A deux choses : Ils équipent des drones d’antennes Starlink, ce qui les rend plus performants en allongeant leur portée et en rendant plus difficile de les brouiller.
Aussi et surtout, ils s’en servent pour fluidifier leurs communications et la structure de « commandement et contrôle » (C2), soit « l’organisation de la chaîne opérationnelle qui permet au militaire au sommet de donner des ordres à tous les niveaux de responsabilité, jusqu’aux combattants », explique une source militaire occidentale.
Et dans ce domaine, « toutes les armées qui ont un peu d’argent et qui ont besoin de débit utilisent Starlink. C’est souple, ce n’est pas cher, et ça vient bien compléter les systèmes militaires qui ne permettent pas l’augmentation du débit », résume cette source.
En Ukraine, le réseau américain « permettait aux unités russes de contrôler leurs forces et leurs drones en temps réel, d’avoir une vision d’ensemble de la ligne de contact et de prendre des décisions adaptées », résume Yuriy Fedorenko, commandant de la 429e brigade ukrainienne de drones Achilles, sur Freedom TV.
Un besoin d’autant plus vital au vu de la configuration du front ukrainien.
« Il n’y a pas de front proprement dit où les armées sont au contact. C’est une +kill zone+ de plusieurs kilomètres de large survolée par des drones, où évoluent de petites escouades mobiles qui essayent de faire des coups, par-ci, par-là », a expliqué un très haut gradé européen à l’AFP.
« De nombreux soldats russes y sont constamment en mouvement. Ce sont des points névralgiques », résume à l’AFP Serguiï Beskrestnov, conseiller du ministère ukrainien de la Défense pour la technologie.
Quels ont été les effets du blocage pour les Russes ?
Enormes selon les Ukrainiens, qui affirment que les Russes ont une vraie dépendance à Starlink. L’AFP n’est pas en mesure de le vérifier indépendamment.

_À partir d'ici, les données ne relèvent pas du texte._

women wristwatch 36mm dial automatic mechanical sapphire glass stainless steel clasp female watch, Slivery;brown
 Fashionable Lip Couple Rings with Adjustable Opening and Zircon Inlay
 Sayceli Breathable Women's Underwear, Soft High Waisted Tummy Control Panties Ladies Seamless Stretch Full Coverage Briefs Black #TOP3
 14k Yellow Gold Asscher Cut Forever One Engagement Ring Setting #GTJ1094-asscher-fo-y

« Pour les Russes, ce n’est pas simplement un problème, c’est une catastrophe », dit M. Beskrestnov. « Nous savions qu’ils utilisaient Starlink sur le front », mais « nous ne pensions pas que c’était aussi crucial ».
Côté russe, on minimise. D’après Valery Tichkov, responsable de la communication des armées russes, Starlink n’est utilisé que de façon marginale et l’armée russe « dispose de tous les services de communication modernes de fabrication nationale. Le système de contrôle des opérations fonctionne de manière fiable et garantit le commandement et le contrôle des troupes au front ».
Comment les Russes s’adaptent-ils ?
Selon plusieurs sources ukrainiennes, ils tentent de soudoyer des citoyens ukrainiens pour qu’ils enregistrent des Starlink légitimes qui seraient ensuite utilisés au front. « Le SBU met en garde : c’est une infraction », passible de la prison à vie, a prévenu le service de sécurité ukrainien.
Ils déploient aussi leurs propres solutions satellites, confirment les Ukrainiens, mais qui ne sont pas aussi souples que les liaisons avec la constellation de satellites en orbite basse (LEO) Starlink. Il s’agit de liaisons haut débit avec les satellites géostationnaires russes Yamal et Express, plus éloignés et moins nombreux.
En outre, « il faut un récepteur satellite équipé d’une grande antenne parabolique », cible de choix pour les Ukrainiens, affirme M. Beskrestnov. « Les Russes l’ont compris et les reculent de 10 à 15 kilomètres et déploient à partir des récepteurs un réseau wi-fi vers le front (wi-fi bridge). Nous essayons de localiser ces terminaux ».
Est-ce à même de changer la donne ?
Les forces armées ukrainiennes ont réussi en février à regagner du terrain, un phénomène rare car la tendance est celle d’un lent grignotage par les Russes.
« En une journée, nous avons mené des contre-attaques sur toute la ligne de contact. Certaines ont été couronnées de succès », a dit à l’AFP un haut responsable militaire ukrainien, sans fournir plus de détails.
Les militaires ukrainiens « tirent probablement parti du récent blocage de l’accès des forces russes à Starlink », avance l’Institut for the Study of War (ISW).
Pour autant, la situation générale ukrainienne et la configuration même du front ne sont pas propices à des évolutions spectaculaires, comme le rappelle la source militaire européenne : « Très peu d’hommes arrivent au contact direct des soldats d’en face, et il n’y a pas de combat mécanisé (qui permettrait d’exploiter une éventuelle percée, ndlr), cela va très lentement ».